Simplified Tutorial

Erik Bågfors zindar at
Sat May 6 18:00:46 BST 2006

On 5/6/06, Ramon Diaz-Uriarte <rdiaz02 at> wrote:
> This is a very useful document! A few comments/questions:
> ================================================
> > A shared repository is a storage that can contain multiple branches.
> > By putting the branches in a shared repository, they will use the same
> > storage for things that are the same between different branches.  It
> > is recommended to keep related branches in a shared repository.
> >
> > Branches in bzr can also be standalone, in this case, each branch does
> > not share the same storage.
> >
> > The setup described in this document is where you have one centralized
> > shared repository on a central server. This repository is then used by
> > all developers.  In this setup, each developer needs to be able to
> In the last paragraph, does "shared" have the meaning of "shared by
> several users" or "shared because there are several branches". If the
> later, why/how does that relate to  the cvs/svn-like usage.

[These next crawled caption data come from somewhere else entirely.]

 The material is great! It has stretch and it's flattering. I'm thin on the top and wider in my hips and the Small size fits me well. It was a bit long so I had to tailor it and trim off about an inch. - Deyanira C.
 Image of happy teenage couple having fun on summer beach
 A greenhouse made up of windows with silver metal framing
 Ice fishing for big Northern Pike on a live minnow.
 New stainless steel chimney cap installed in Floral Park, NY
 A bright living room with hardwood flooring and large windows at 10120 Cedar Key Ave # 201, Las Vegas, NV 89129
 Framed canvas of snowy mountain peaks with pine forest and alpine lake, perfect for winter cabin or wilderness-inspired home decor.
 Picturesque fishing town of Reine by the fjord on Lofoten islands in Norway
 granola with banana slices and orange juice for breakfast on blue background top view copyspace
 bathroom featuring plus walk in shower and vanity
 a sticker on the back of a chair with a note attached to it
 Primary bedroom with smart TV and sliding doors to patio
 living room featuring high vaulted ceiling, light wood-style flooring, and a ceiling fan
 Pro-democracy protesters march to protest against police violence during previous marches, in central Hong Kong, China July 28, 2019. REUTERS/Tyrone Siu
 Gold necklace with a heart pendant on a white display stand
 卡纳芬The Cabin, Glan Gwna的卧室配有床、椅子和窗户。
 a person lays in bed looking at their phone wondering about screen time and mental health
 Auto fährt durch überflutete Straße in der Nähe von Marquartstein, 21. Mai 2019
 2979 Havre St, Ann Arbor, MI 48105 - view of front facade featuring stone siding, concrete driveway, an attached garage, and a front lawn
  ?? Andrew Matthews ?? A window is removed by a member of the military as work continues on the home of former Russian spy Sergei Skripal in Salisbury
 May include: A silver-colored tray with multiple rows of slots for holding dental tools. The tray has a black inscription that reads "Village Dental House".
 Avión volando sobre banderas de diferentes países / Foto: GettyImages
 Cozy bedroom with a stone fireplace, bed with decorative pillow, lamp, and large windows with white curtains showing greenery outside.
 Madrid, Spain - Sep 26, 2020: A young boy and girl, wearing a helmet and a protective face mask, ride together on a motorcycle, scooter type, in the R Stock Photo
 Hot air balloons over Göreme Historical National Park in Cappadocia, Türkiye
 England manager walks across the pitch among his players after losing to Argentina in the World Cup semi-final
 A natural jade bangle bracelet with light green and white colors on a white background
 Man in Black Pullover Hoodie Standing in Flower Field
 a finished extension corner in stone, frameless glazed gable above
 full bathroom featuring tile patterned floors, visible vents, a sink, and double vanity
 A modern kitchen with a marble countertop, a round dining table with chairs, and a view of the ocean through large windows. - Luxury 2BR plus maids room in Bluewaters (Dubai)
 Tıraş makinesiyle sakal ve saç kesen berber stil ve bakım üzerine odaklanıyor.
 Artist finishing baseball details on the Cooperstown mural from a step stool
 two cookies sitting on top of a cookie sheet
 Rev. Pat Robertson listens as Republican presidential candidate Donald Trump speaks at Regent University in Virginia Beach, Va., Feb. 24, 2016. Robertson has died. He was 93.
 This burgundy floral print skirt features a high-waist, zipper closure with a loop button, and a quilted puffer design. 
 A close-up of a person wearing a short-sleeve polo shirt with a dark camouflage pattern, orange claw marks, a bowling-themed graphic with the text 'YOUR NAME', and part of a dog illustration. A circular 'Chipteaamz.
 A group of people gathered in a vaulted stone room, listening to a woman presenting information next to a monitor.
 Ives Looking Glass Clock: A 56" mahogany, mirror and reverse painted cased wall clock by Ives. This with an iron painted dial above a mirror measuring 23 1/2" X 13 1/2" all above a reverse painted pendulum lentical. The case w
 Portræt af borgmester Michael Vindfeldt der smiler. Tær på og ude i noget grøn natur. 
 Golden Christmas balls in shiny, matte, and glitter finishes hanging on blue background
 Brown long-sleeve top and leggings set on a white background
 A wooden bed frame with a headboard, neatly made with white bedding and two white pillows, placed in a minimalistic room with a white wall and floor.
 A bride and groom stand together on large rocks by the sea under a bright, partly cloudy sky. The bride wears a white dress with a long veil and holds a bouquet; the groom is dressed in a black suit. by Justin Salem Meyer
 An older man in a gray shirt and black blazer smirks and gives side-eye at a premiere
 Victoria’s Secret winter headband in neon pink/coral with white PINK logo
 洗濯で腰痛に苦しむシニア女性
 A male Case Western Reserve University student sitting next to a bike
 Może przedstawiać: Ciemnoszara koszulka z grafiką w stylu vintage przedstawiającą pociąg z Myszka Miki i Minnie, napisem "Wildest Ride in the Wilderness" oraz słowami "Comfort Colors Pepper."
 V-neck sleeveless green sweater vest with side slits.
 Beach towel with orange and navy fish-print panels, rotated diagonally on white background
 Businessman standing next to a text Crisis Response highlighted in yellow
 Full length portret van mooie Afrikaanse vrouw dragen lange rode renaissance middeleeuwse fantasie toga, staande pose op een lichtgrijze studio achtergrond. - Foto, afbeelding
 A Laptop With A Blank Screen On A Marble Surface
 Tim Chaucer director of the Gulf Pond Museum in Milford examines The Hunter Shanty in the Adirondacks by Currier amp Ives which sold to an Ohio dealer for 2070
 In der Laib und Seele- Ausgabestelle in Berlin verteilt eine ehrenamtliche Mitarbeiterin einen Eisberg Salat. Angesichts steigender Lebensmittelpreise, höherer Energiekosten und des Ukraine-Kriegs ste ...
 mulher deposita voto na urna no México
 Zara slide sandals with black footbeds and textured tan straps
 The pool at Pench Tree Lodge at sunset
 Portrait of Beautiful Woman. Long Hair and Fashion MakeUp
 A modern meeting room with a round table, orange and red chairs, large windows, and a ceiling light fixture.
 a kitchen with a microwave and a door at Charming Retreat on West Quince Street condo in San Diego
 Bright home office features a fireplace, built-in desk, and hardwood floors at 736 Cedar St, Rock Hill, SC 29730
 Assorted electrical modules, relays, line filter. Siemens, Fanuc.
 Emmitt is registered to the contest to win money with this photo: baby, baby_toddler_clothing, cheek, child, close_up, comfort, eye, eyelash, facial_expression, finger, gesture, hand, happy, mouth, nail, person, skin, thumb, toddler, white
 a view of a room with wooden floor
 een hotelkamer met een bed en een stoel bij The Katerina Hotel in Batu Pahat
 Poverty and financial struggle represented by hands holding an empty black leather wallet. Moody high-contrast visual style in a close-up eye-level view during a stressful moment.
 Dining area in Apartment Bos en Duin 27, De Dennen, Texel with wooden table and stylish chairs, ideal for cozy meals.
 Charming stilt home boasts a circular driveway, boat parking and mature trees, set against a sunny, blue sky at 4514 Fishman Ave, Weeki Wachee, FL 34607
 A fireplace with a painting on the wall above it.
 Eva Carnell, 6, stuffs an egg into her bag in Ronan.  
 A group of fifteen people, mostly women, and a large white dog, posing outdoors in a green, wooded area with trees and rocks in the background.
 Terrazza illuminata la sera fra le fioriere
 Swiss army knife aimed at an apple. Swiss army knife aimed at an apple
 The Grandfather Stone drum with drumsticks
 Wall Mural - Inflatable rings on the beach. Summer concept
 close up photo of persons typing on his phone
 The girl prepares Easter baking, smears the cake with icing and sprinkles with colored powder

Shared between several branches, they may or may not also be shared
between several users, but so may standalone branches. In the example
above, it's both.

In svn-terms a shared repository is what's also called a repository in
svn, and a branch is "trunk", or "branches/foobranch".  In CVS it's
harder, because CVS sucks :)

> > Creating a centralized shared storage
> > =====================================
> >   $ bzr init-repo sftp://bzr@server/path/to/repo
> > to create the shared repository.
> >
> > In this repository, you need to create a branch, this is done with the
> > command "bzr init", for example
> >   $ bzr init sftp://bzr@server/path/to/repo/branch
> > will create a branch named "branch" inside the repository.
> >
> I have several doubts:
> - If I understand correctly, the "recipe" is for a directory that
> doesn't yet exist


> - If /path/to/repo exists and has files already, shouldn't we use "bzr
> init" followed  by "bzr add"?

Nope. /path/to/repo is just a shared repository, not a branch. A
repository cannot contain any files (only revisions and branches). The
branches in the repository does not have working trees, so a checkout
has to happen to add files to it.  Same as in svn I think... at least
that's how I've always worked with svn.